CareEdge’s analysis, which utilizes a machine learning method based on its CareEdge Economic Meter (CEM)—an index tracking 40 high-frequency economic and policy indicators—suggested an uptick in economic activity in Q4FY25. The CEM expanded by 3.0% year-over-year, up from 2.6% in Q3FY25. Provisional GDP data for the fourth quarter and FY25 are scheduled to be released on 30 May 2025.
### How Different Sectors Are Powering India’s GDP
CareEdge details the performance across key sectors, highlighting areas showing improvement, mixed trends, and deceleration. The GDP growth in Q4 is likely to be supported by strong momentum in sectors such as agriculture, hotels & transport, and construction. Festivities during the ‘Maha Kumbh’ should support hospitality and transportation.
### Areas Showing Improvement
#### Agriculture Sector The agricultural activities, according to CareEdge, have remained strong. Rabi sowing of foodgrains surpassed last year’s level by 2%, and domestic tractor sales increased by 23.4% YoY in Q4FY25, outperforming the 13.5% YoY growth in Q3. Additionally, fertilizer sales grew by 5.4% in Jan-Feb 2025, higher than the 0.4% growth in Q3FY25.
#### Trade, Hotels, and Transport Domestic air passenger traffic increased by 12% YoY in Q4FY25, higher than 11.4% in Q3. Even though foreign tourist arrivals contracted by 1.3% YoY in Q4FY25, it was lower than the 3% contraction in Q3. Travel activities were up in Q4 due to the Kumbh Mela and major concerts. Toll collections also increased by 17.2% in Q4, up from 12.7% in Q3. E-way bill collections rose 19.4% YoY in Q4FY25, higher than 16.9% YoY in Q3.
#### Mining IIP mining expanded by 2.1% YoY in Q4FY25, higher than 1.8% in Q3.
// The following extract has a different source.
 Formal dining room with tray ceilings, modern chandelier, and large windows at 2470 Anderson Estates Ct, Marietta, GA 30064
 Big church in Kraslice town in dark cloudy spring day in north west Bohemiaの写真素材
### Areas Showing Mixed Trends
#### Consumption Demand While rural demand is expected to be supported by good agricultural output and falling inflation, urban demand presents a mixed outlook. CareEdge noted that gross domestic GST collections improved marginally to 9.7% YoY in Q4FY25 from 9.5% YoY in the previous quarter. Growth in IIP consumer durables averaged 5.8% during the quarter, while IIP consumer non-durables contracted by 2.2% in Q4. Passenger vehicle sales in Q4FY25 grew by 2.3%, lower than 4.5% in Q3. Two-wheeler sales also slowed to 1.4% in Q4 from 3% YoY in the previous quarter.
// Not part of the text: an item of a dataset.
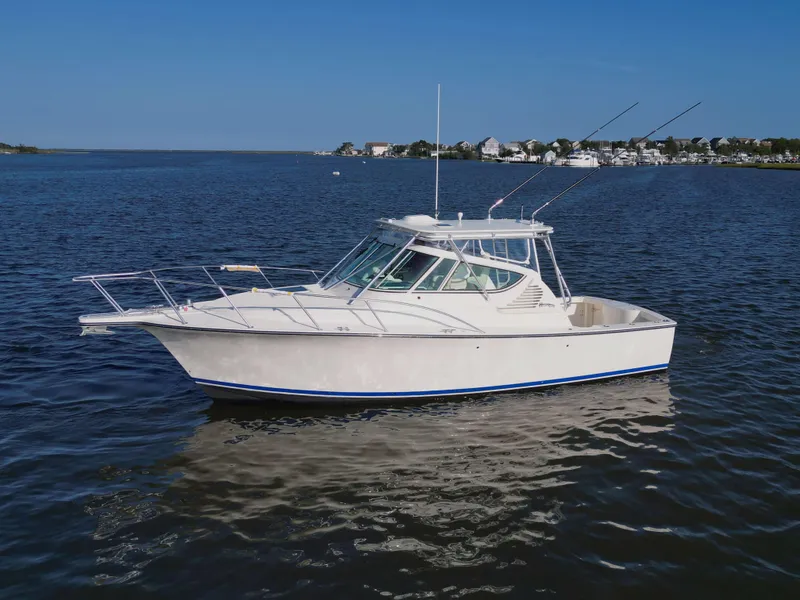 Slide: The Image of 2025 Henriques 30' Express boat on calm waters. - 3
#### Construction Even though capital expenditure from the central government contracted by 4% in Jan-Feb 2025, spending increases towards the end of Q3FY25 are expected to support construction activity in Q4, given the typical lag in its impact. Finished steel consumption was up 11% on-year in Q4, higher than 7.8% in Q3. IIP infrastructure and construction goods also showed improvement in Q4. However, highway construction and bitumen consumption contracted by 8.4% YoY and 3.8% YoY, respectively, in Q4.
#### Manufacturing IIP manufacturing growth moderated to 3.9% YoY in Q4FY25, down from 4.5% in Q3. Production of personal vehicles and cement improved in Q4 with a growth of 6.4% YoY and 12.3% YoY, respectively. However, front-loading of inventory accumulation by firms ahead of the reciprocal tariff supported certain sectors like electronics.
### Areas Showing Deceleration
#### Government Expenditure Central revenue expenditure contracted by 4.7% in Jan-Feb 2025, and central capex also contracted by 4% in the same period.
#### Financials and Real Estate Non-food credit growth slowed to 12.2% YoY in Q4 from 12.3% YoY in Q3 due to moderation in retail credit growth. The collection of life insurance first-year premium contracted by 4.3% YoY in Q4. Growth in stamp and registration revenue of major state governments contracted by 4% YoY in Jan-Feb 2025.
#### External Trade Services export growth remained healthy but slowed to 14.1% in Q4, lower than 17.9% in Q3. Merchandise exports contracted by 0.3% YoY in Q4 against a growth of 4.4% YoY in Q3. The poor performance of goods export is largely due to contracting oil exports (-34% YoY) and moderating non-oil exports (7.4% YoY).